BaaS offerings are particularly attractive because many enterprises can look to their current cloud providers to offer them use of the nascent technology.
"As with any new technology, there is a learning curve as enterprise customers put it into production," Fearnley said. "One advantage of partnering with a BaaS provider is users can leverage the lessons learned by the provider to help make their systems more secure."
BaaS providers are also acting as consultants on the technology, Fearnley said.
In 2015, Microsoft became one of the first software vendors to offer BaaS on its Azure cloud platform. The Azure cloud service is open to a variety of blockchain protocols, supporting simple, Unspent Transaction Output-based protocols (UTXO) like Hyperledger; more sophisticated Smart Contract-based protocols like Ethereum; and others as they are developed, Microsoft said via email.
Currently, Azure supports distributed ledgers such as Ethereum, Hyperledger Fabric, R3 Corda, Quorum, Chain Core and BlockApps.
Last week, Hewlett-Packard Enterprise (HPE) joined a growing number of tech vendors who this year began offering BaaS, most of which are aimed at financial services firms.
HPE plans to offer a flexible charging model, similar to other BaaS offerings, with prices based on the server node, CPU or core.

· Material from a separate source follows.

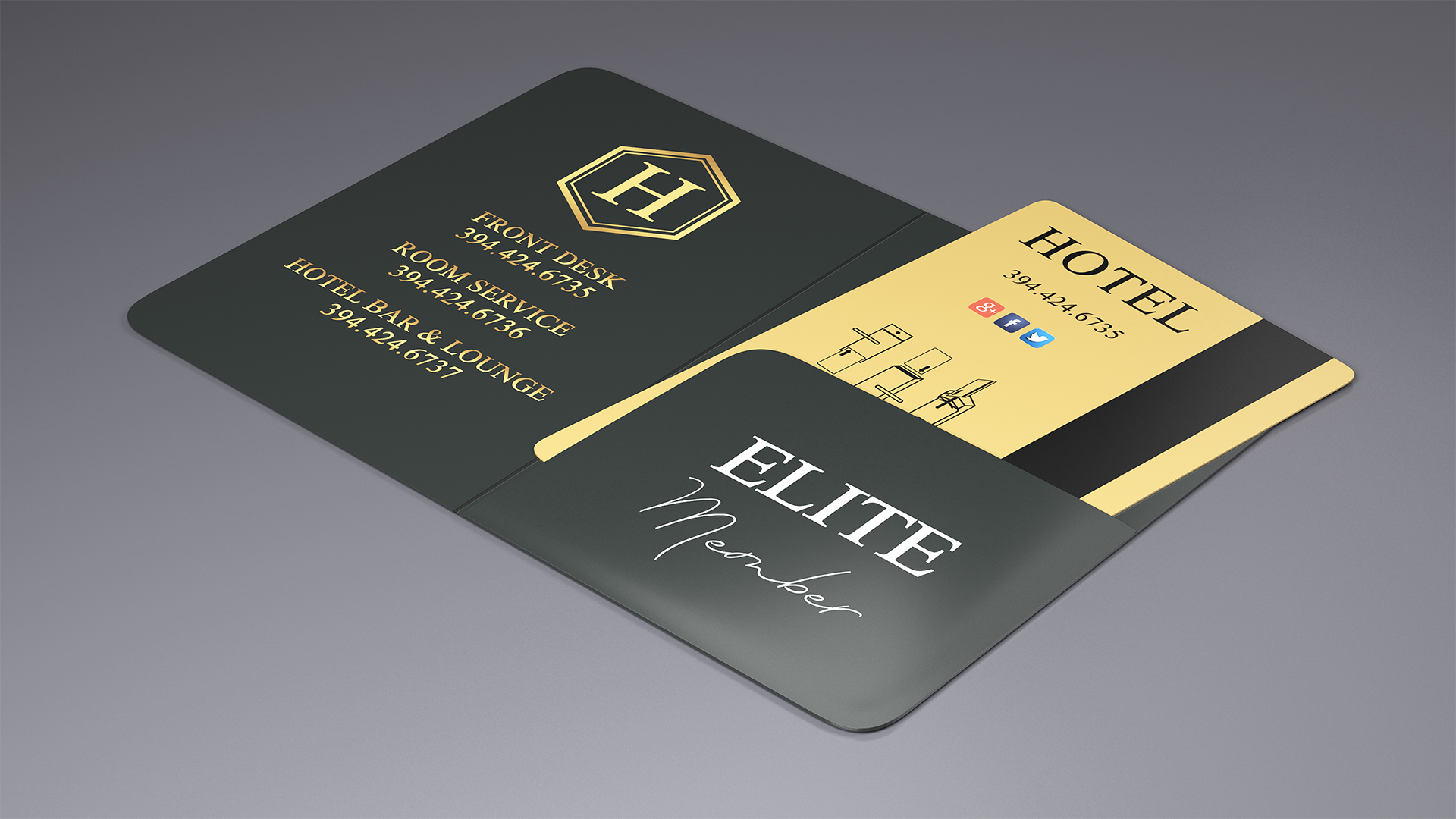 3D model Hotel Key Card Black Open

HPE's new blockchain SaaS offering is based on Corda, a blockchain platform developed by New-York-based banking consortium R3. R3's Corda is the biggest commercial consortium among banks, insurers and others in a blockchain environment, according to Martha Bennet, a principal analyst with Forrester Research.

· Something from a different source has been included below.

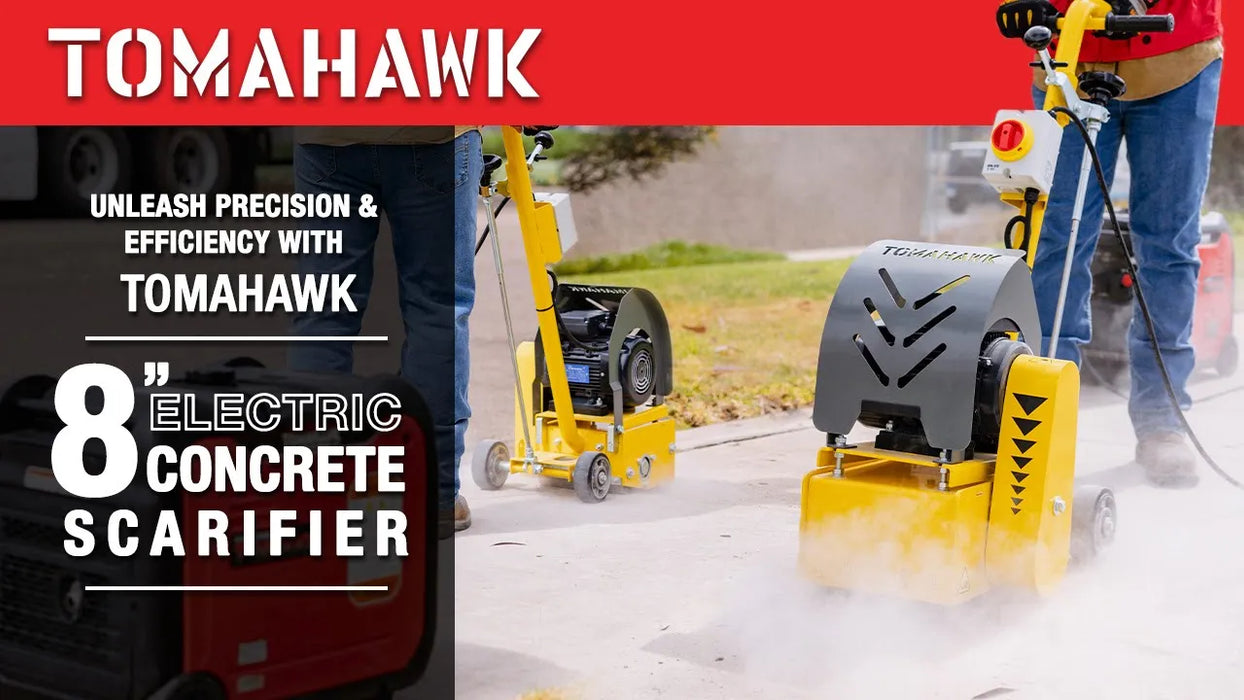 Electric 8” Concrete Scarifier Planer Grinder for Sidewalk Trip Hazard Repair, Traffic Line Removal - Sweatfully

FinTech firms have been among the first to embrace blockchain.
Corda became an open-source distributed ledger when R3 gave the code over to the Linux Foundation's Hyperledger development project.

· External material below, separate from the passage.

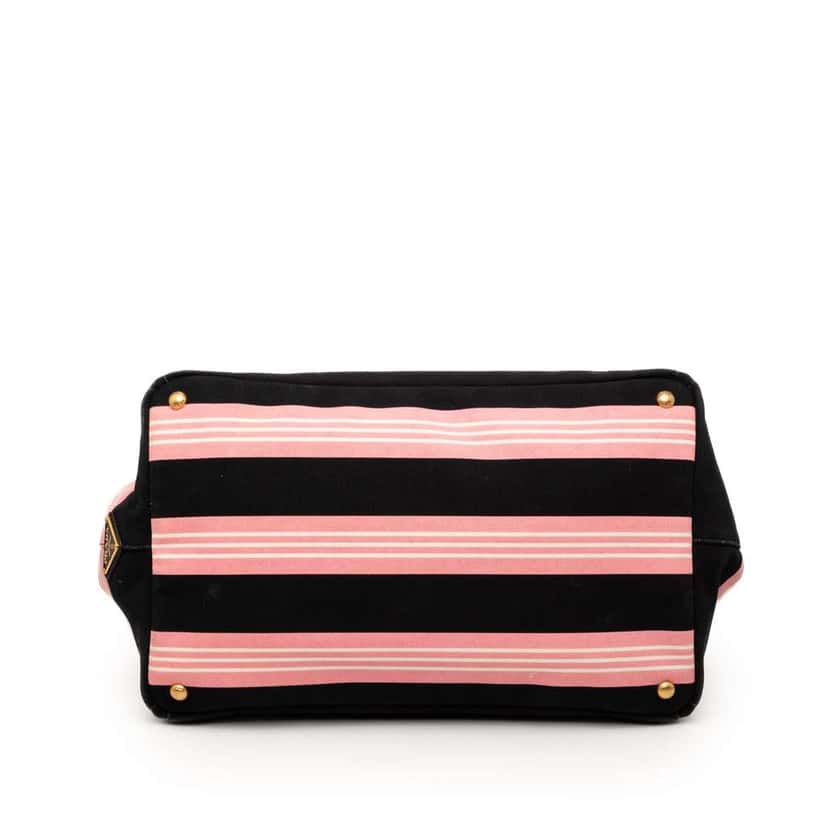 Prada Large Canvas Canapa Righe Striped Satchel Pink Canvas Good condition - Inside View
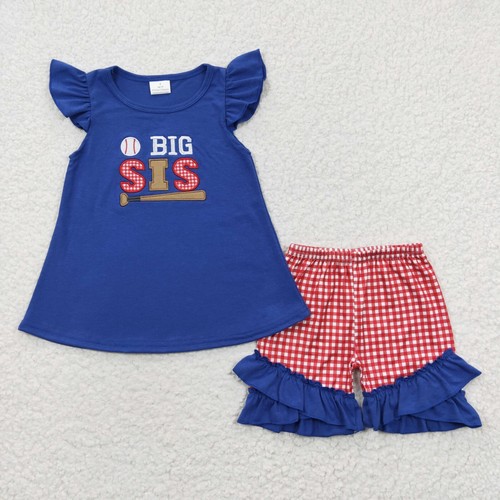 Sibling Sister Brother Embroidery Baseball Shorts Set Romper - Picture 3 of 9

Earlier this year, the Hyperledger Project released Fabric 1.0, a collaboration tool for building out blockchain-based business networks.
SAP also launched its BaaS offering earlier this year on its Leonardo digital software platform.
Paul Brody, Ernst & Young's (EY) Global Innovation Leader for Blockchain Technology, said the BaaS platforms will make it easier for companies to both test and deploy distributed ledgers.
"We're testing out all the development and deployment offerings of these different clouds and we've just launched our OpsChain [operations and supply chain] offering on SAP's cloud platform and SAP Leonardo," Brody said via email. "Our hypothesis is that while the BaaS/SaaS...deployment platforms are very useful and make management and deployment easy, it's integration to ERP that will make it possible for enterprises to take full advantage of the value created by blockchains."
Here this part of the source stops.